4.アミと知り合った頃、

 アミと知り合った頃、僕には性的な交際をしている女の人がいた。愛だの恋だのでなく、唯1人でいる寂しさや、性欲を満たすだけの関係。彼女らは僕よりも年上で、1人住まいの大学生やOL達だった。


 その頃の僕は、バンドでギターを弾いていて、月に1、2回のライブをしていた。そして、ライブが終わった後、誘われるままに彼女らのアパートに行き、そして寝た。


 愛情なんて求めなければ、男と女の関係なんて簡単に出来てしまう。



 だが、アミとはそうゆう関係ではなかった。


 僕が17歳に成って少し経った秋、1度目の家出をする、未遂だったが。アミと知り合ってから、9ヵ月位の頃。ライブをした後、1人で上京する予定だったが、なぜか、その会場に両親が現れた。


 「りょう君が家出をするかもしれない。」と中学の時の連れが親に連絡をしたらしい。




 その日、アミと僕の両親は初めて顔を合わせたのだが、ちゃんと紹介はしなかった。ライブの後、僕は近くの駅までアミを送って行った。


 その間、両親は僕達の後ろを距離を置きながら歩いていた。


 アミと駅で別れた後、しばらくして、

「彼女か?」と父は僕に聞いたが、


 「ただの友達。」とだけ答える。


 その頃のアミは、僕にとって好意の持てる友達だった。
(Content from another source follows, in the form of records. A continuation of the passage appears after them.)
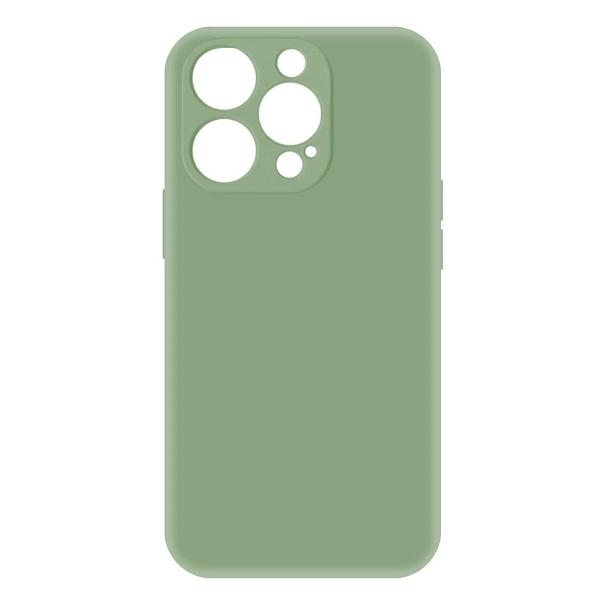 фото Чехол silicone case для iphone 14 pro, зелёный (453066) krutoff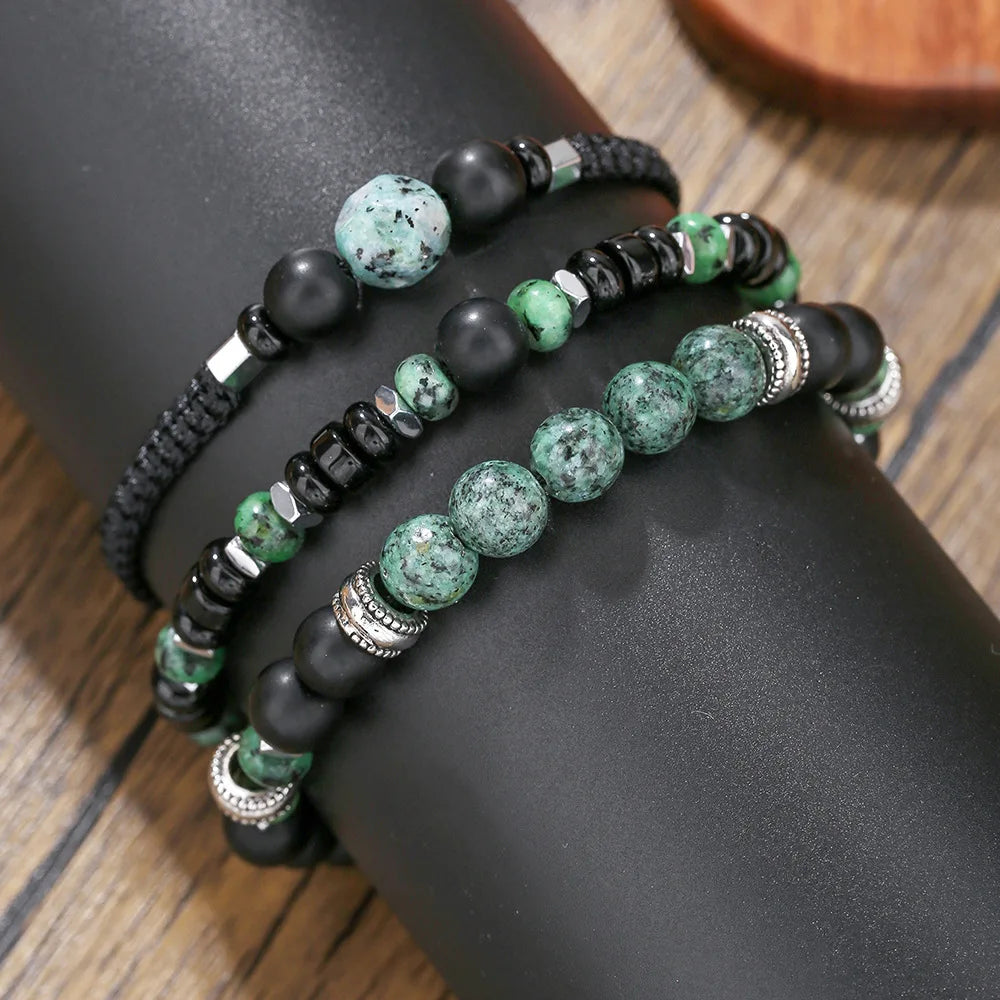 Pulseira Nomad Stone – Kit 3 Peças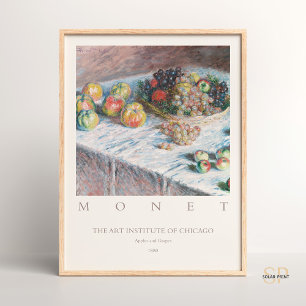 Claude Monet Apples and Grapes Art Print Poster
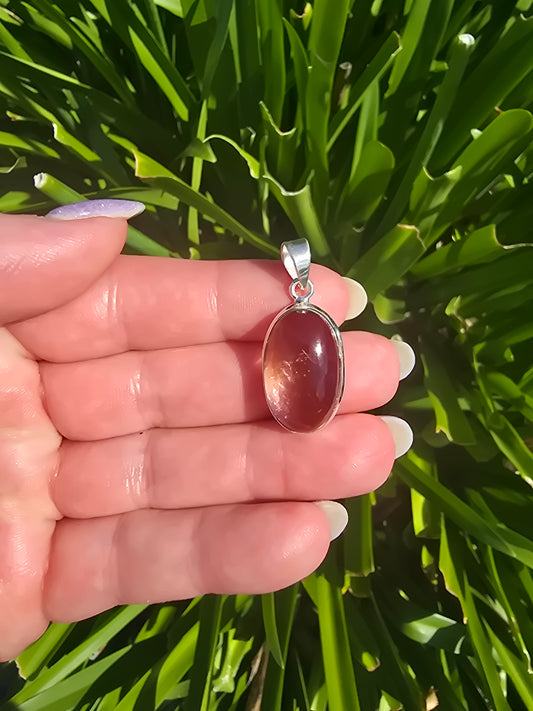 Ametrine | Polished Sterling Silver Pendant G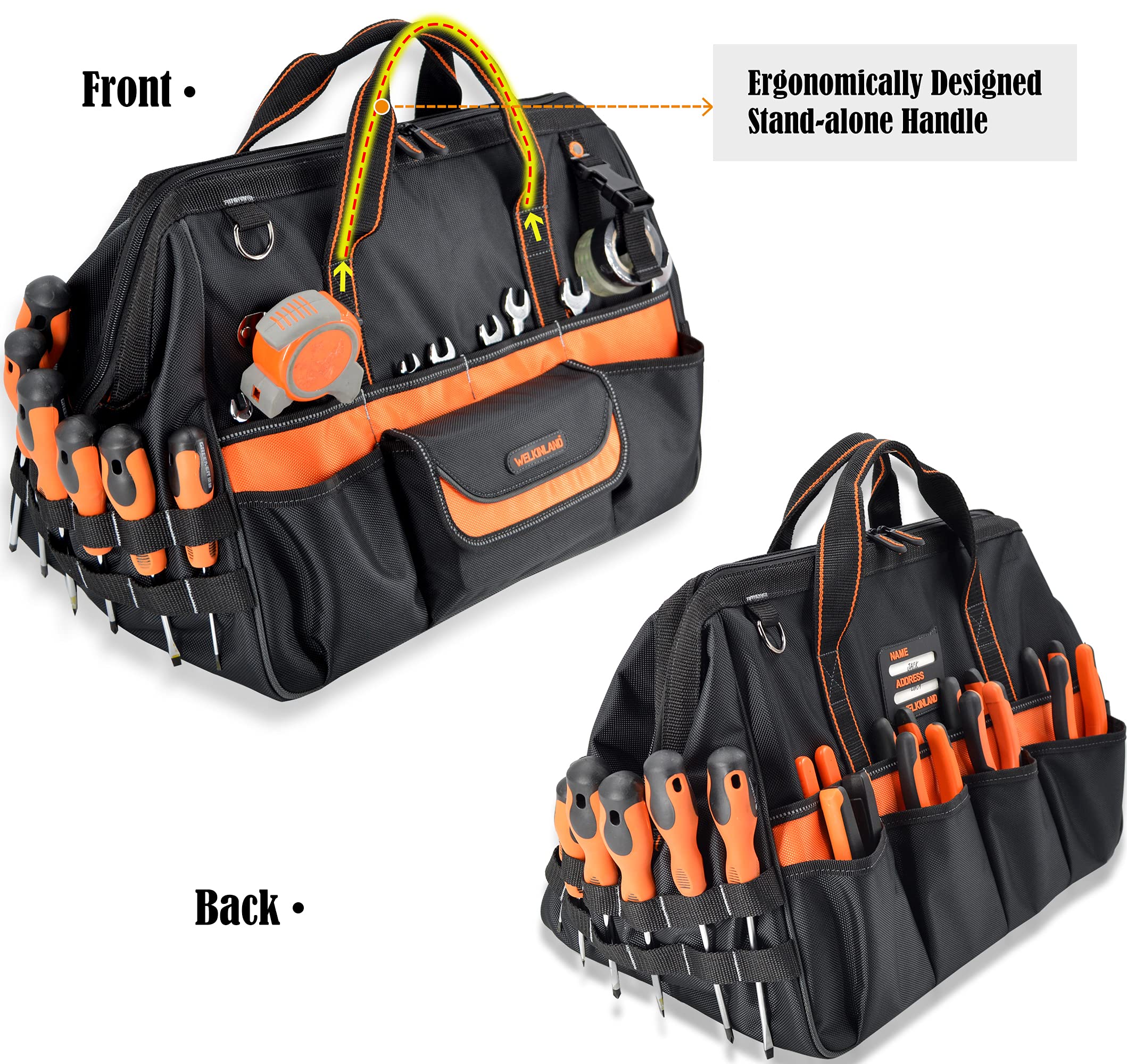 Tool Backpack for Men, Heavy-Duty Tool bag Electrician Backpack Jobsite Tool  bag | eBay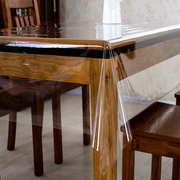pvc薄款下垂餐桌垫透明塑料，软质玻璃台布，保护膜防水免洗桌布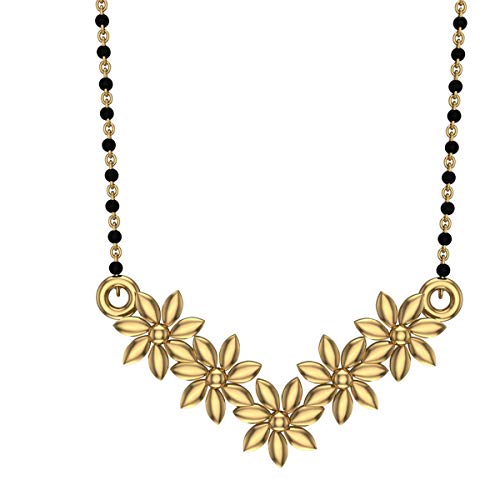 Image of DISHIS 22K /18K /14K Yellow Gold Mangalsutra Pendant for Wome BIS Hallmarked Gift for Wife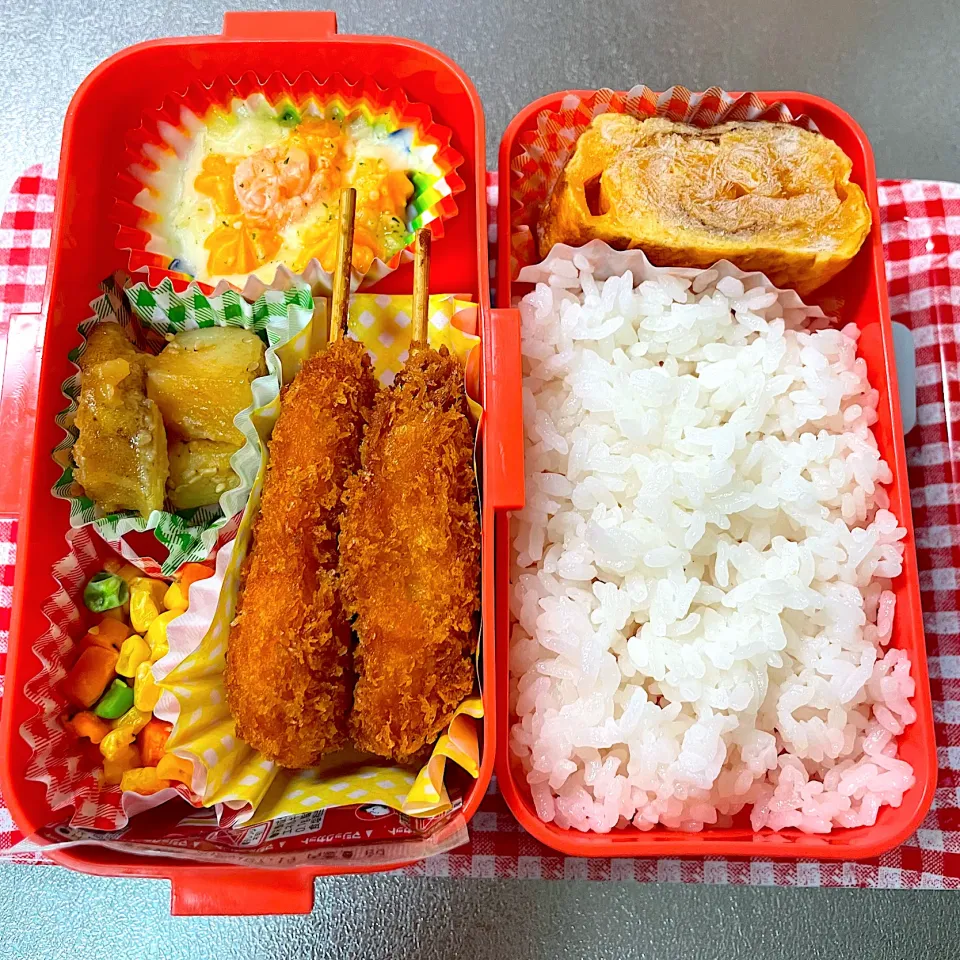 串カツ弁当|あおのりさん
しかしその家出未遂の後、僕らの距離はとても早く近くなっていったと思う。

 

 アミがライブハウスに顔を出す数が増え、電話や手紙でのやり取りが増えた。それ以外でも、月に1度は何処かで合っていた。


 アミと過ごす時間が増えるにつれ、年上の彼女達との時間は、少しずつ減っていったが、


 「彼女が出来たの?よかったね、君にはちゃんとした彼女が必要だわ。でもね、私には君が必要な時があるの、わかるでしょう。君さえよけば、何時でも来て欲しい。彼女には、わからない様にするから、お願い。」と言った人もいた。


 それでも僕は、亡くなった彼女を忘れられないままに、アミに心を開き始めていた。




 鍵のかかっている青いスーツケースとギターケースは、1階下の2等室に置き、乗客はあまりいなかったが、子供連れの家族に、


 「1人なので、僕がいない時は、荷物を見ていてもらえませんか」と頼む。


 東京行きのフェリーの甲板に上り、バーボンウィスキーを飲みながら売店で買ったポップコーンを食べ、何かやり残した事はないかと考えていた。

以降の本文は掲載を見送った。